「半年あればクリニックを開業できる」
そう考えている先生もいらっしゃるかもしれません。
しかし、実際の開業準備を考えると、半年という期間はかなりタイトです。
もちろん、条件が整っていれば短期間での開業も不可能ではありません。
ただし、これから新規開業を検討するのであれば、物件が決まってからでも最低1年程度、できれば1年半ほどの準備期間を確保しておくことをおすすめします。
クリニック開業には、想像以上にやることが多い
開業準備では、単に物件を決めて内装工事をすれば終わり、というわけではありません。
例えば、
・開業物件の選定
・事業計画の作成
・融資の申請、資金調達
・設計、内装工事
・医療機器や什器の選定
・スタッフの採用、教育
・各種行政手続き
・ホームページの制作
・集患、広告の準備
・開業前の地域への認知づくり
など、さまざまな準備を同時に進める必要があります。
さらに、それぞれの工程には「確認」「修正」「意思決定」の時間も必要です。
そのため、スケジュールに余裕がないと、一つの遅れが後の工程に連鎖してしまうことがあります。
準備期間が短いと「後から修正」が難しくなる
開業準備で特に注意したいのが、時間がなくなることで判断を急いでしまうことです。
「とりあえずこの内容で進めよう」
「時間がないから、今回はこれで決めよう」
といった判断が増えると、開業後に「やっぱりこうすればよかった」と気づくケースもあります。
しかし、開業してからでは簡単に変更できないものも少なくありません。
物件、間取り、導線、設備、ホームページ、集患戦略など、開業前だからこそ十分に検討できることがあります。
だからこそ、開業準備には「考える時間」を確保しておくことが重要です。
開業日は「ゴール」ではなくスタート
開業準備では、どうしても「開業日までに間に合わせる」ことが目的になりがちです。
しかし、本当に重要なのは、開業日を迎えることではありません。
開業後に患者さんに選ばれ、安定した経営を続けていくことです。
そのためには、開業前から事業計画や集患、ホームページ、地域への認知づくりなどを含めて、開業後の経営まで見据えて準備する必要があります。
開業準備は「逆算」が大切
「いつ開業したいか」が決まっているのであれば、まずはその日から逆算してみましょう。

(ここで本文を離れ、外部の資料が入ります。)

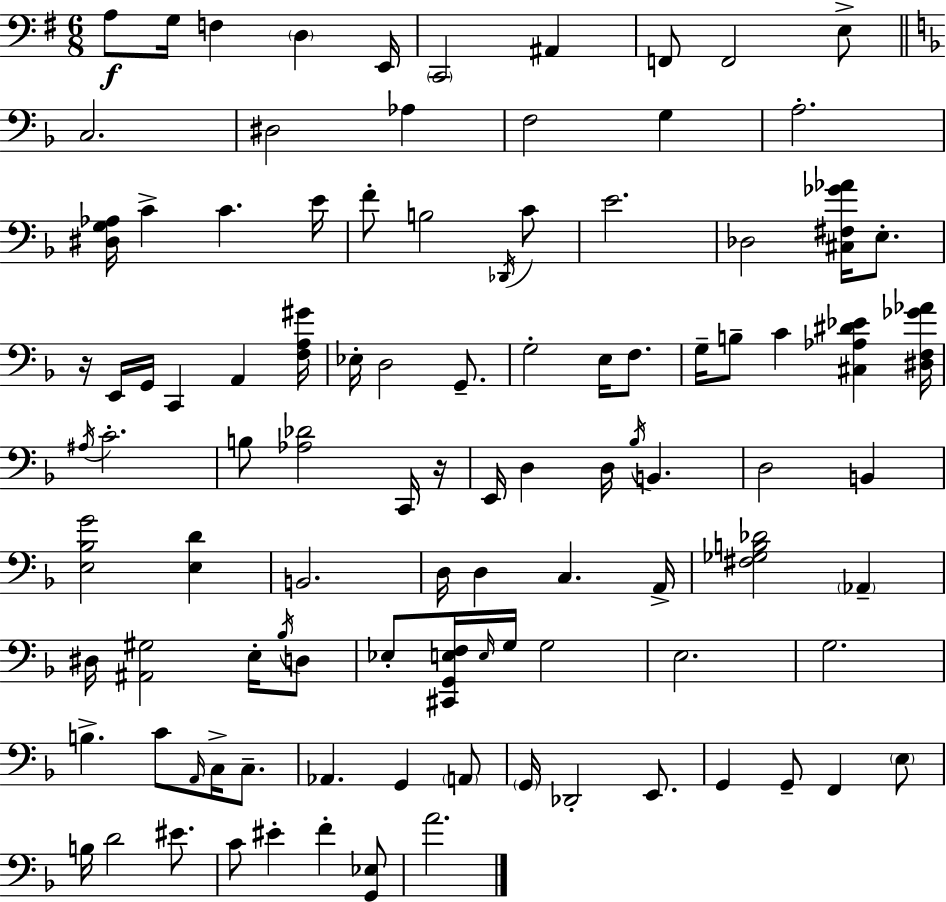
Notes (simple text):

A3/e G3/s F3/q D3/q E2/s C2/h A#2/q F2/e F2/h E3/e C3/h. D#3/h Ab3/q F3/h G3/q A3/h. [D#3,G3,Ab3]/s C4/q C4/q. E4/s F4/e B3/h Db2/s C4/e E4/h. Db3/h [C#3,F#3,Gb4,Ab4]/s E3/e. R/s E2/s G2/s C2/q A2/q [F3,A3,G#4]/s Eb3/s D3/h G2/e. G3/h E3/s F3/e. G3/s B3/e C4/q [C#3,Ab3,D#4,Eb4]/q [D#3,F3,Gb4,Ab4]/s A#3/s C4/h. B3/e [Ab3,Db4]/h C2/s R/s E2/s D3/q D3/s Bb3/s B2/q. D3/h B2/q [E3,Bb3,G4]/h [E3,D4]/q B2/h. D3/s D3/q C3/q. A2/s [F#3,Gb3,B3,Db4]/h Ab2/q D#3/s [A#2,G#3]/h E3/s Bb3/s D3/e Eb3/e [C#2,G2,E3,F3]/s E3/s G3/s G3/h E3/h. G3/h. B3/q. C4/e A2/s C3/s C3/e. Ab2/q. G2/q A2/e G2/s Db2/h E2/e. G2/q G2/e F2/q E3/e B3/s D4/h EIS4/e. C4/e EIS4/q F4/q [G2,Eb3]/e A4/h.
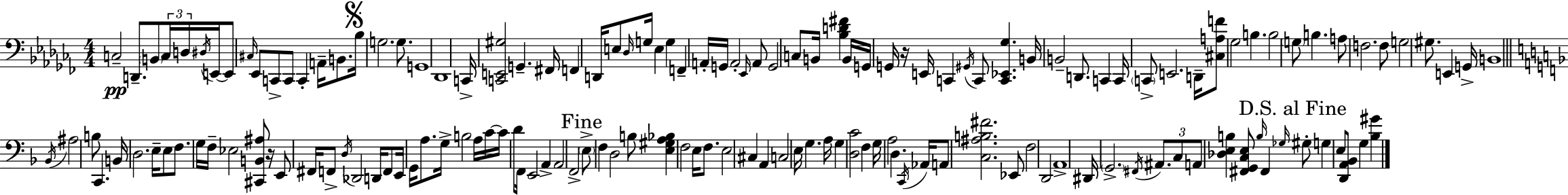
{
  \clef bass
  \numericTimeSignature
  \time 4/4
  \key aes \minor
  c2--\pp d,8.-- \parenthesize b,8 \tuplet 3/2 { c16 d16 \acciaccatura { dis16 } } | e,16~~ e,8 \grace { cis16 } ees,8 c,8-> c,8 c,4-. a,16-- b,8. | \mark \markup { \musicglyph "scripts.segno" } bes16 g2. g8. | g,1 | \break des,1 | c,16-> <c, e, gis>2 g,4.-- | fis,16 f,4 d,16 e8 \grace { des16 } g16 e4 g4 | f,4-- a,16-. g,16 a,2-. | \break \grace { ees,16 } a,8 g,2 c8 b,16 <bes d' fis'>4 | b,16 g,16 g,16 r16 e,16 c,4 \acciaccatura { gis,16 } c,8 <c, ees, ges>4. | b,16 b,2-- d,8. | c,4 c,16 \parenthesize c,8-> e,2. | \break d,16-- <cis a f'>8 ges2 b4. | b2 \parenthesize g8 b4. | a8 f2. | f8 g2 gis8. | \break e,4 g,16-> b,1 | \bar "||" \break \key f \major \acciaccatura { bes,16 } ais2 b8 c,4. | b,16 d2. e16-- e8 | f8. g16 f16-- ees2 <cis, b, ais>8 | r16 e,8 fis,16 f,8-> \acciaccatura { d16 } des,2 d,16 | \break f,8 e,16 g,16 a8. g16-> b2 | a16 c'16~~ c'16 d'8 f,16 e,2 a,4-> | a,2 f,2-> | \mark "Fine" \parenthesize e8-> f4 d2 | \break b8 <e gis a bes>4 f2 e16 f8. | e2 cis4 a,4 | c2 e16 g4. | a16 g4 <d c'>2 f4 | \break g16 a2 d4. | \acciaccatura { c,16 } aes,16 a,8 <c ais b fis'>2. | ees,8 f2 d,2 | a,1-> | \break dis,16 \parenthesize g,2.-> | \acciaccatura { fis,16 } \tuplet 3/2 { ais,8. c8 a,8 } <des e b>4 <fis, g, c e>8 \grace { b16 } fis,4 | \grace { ges16 } \mark "D.S. al Fine" gis8-. g4 e8 <d, a, bes,>8 g4 | <bes gis'>4 \bar "|."
}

物件探しから始めるのか、融資や設計にどれくらい時間が必要なのか、採用や集患準備をいつから始めるのか。
それぞれの工程を整理していくと、必要な準備期間が見えてきます。
開業準備は、余裕を持って進められる先生ほど、重要な判断に時間を使うことができます。
半年という期間だけを基準にするのではなく、開業後の経営まで見据えて、できるだけ早い段階から逆算して準備を始めることが大切です。